▶ **Exercise objective**: Please restate word for word all lines from the one containing "POLESTAR KAIGO SERVICE" to the final line of the entries, and include no pictures.

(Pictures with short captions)
[Start of Attachment]

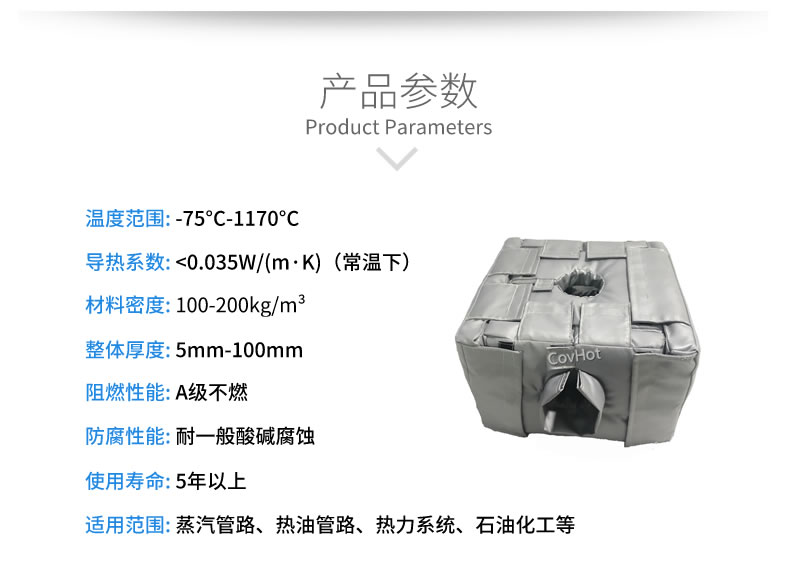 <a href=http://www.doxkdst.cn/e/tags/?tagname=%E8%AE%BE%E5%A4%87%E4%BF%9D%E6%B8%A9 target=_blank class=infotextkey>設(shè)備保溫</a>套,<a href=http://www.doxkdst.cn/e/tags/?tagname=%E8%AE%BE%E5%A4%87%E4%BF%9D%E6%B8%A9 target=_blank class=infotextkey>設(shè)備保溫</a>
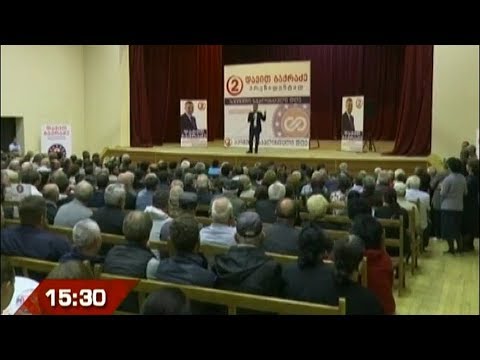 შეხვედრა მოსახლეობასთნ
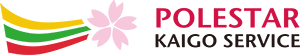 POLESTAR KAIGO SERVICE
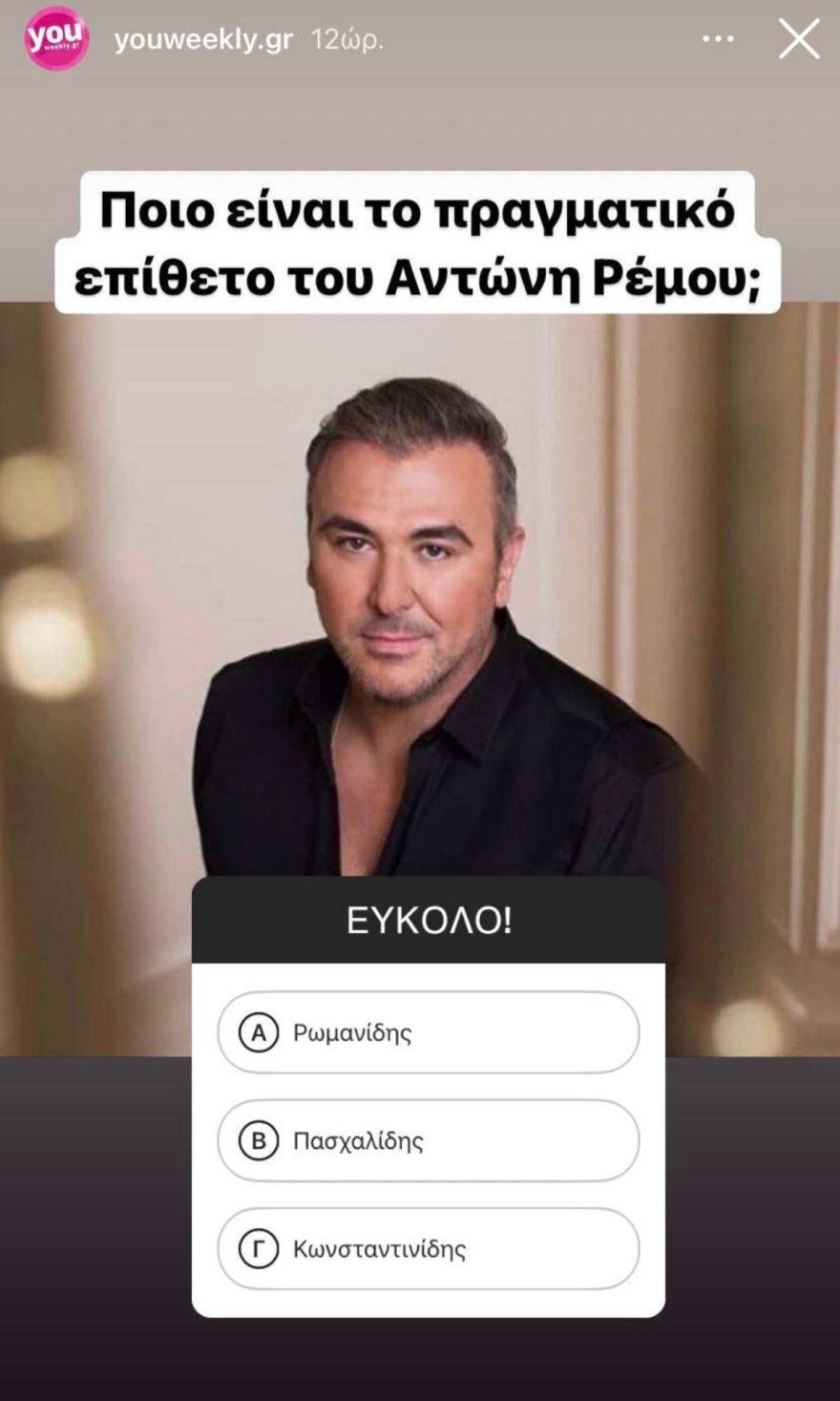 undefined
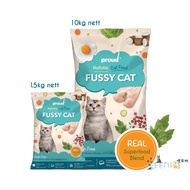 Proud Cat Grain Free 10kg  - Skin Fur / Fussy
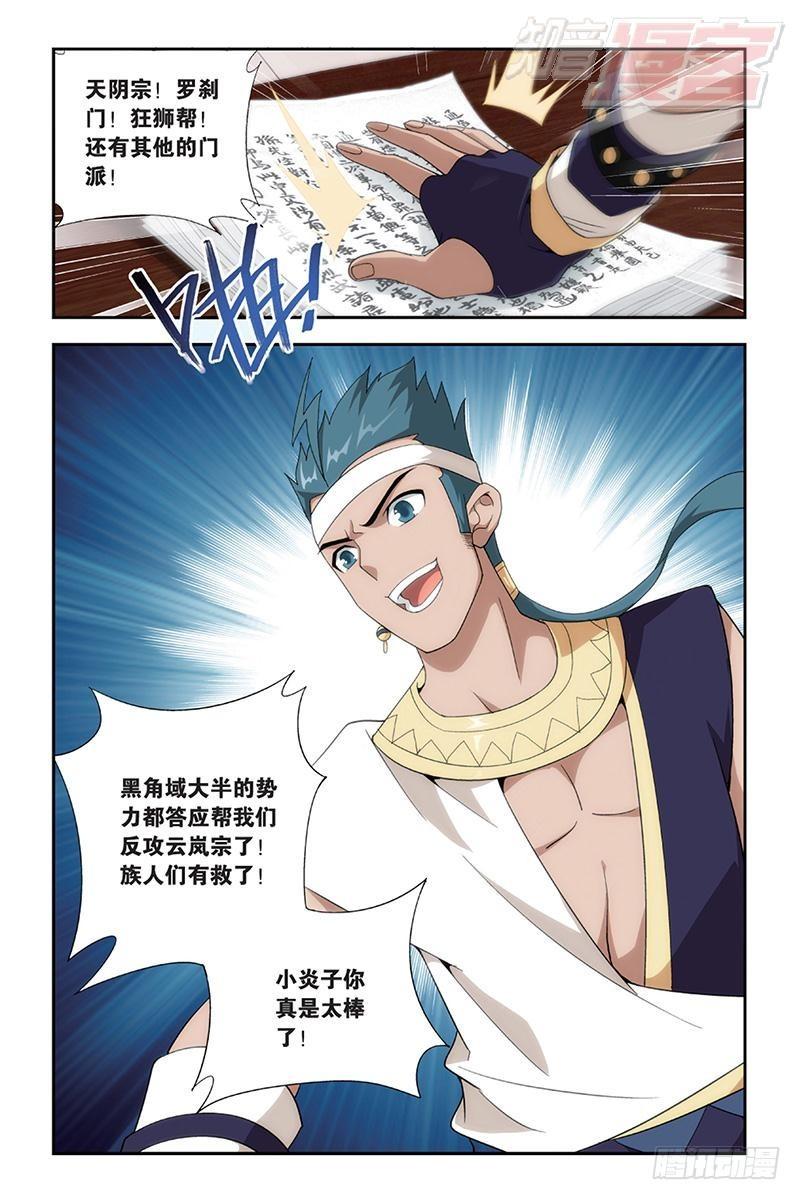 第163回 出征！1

[End of Attachment]

▶ **Reply**:
 POLESTAR KAIGO SERVICE
 undefined
 Proud Cat Grain Free 10kg  - Skin Fur / Fussy
 第163回 出征！1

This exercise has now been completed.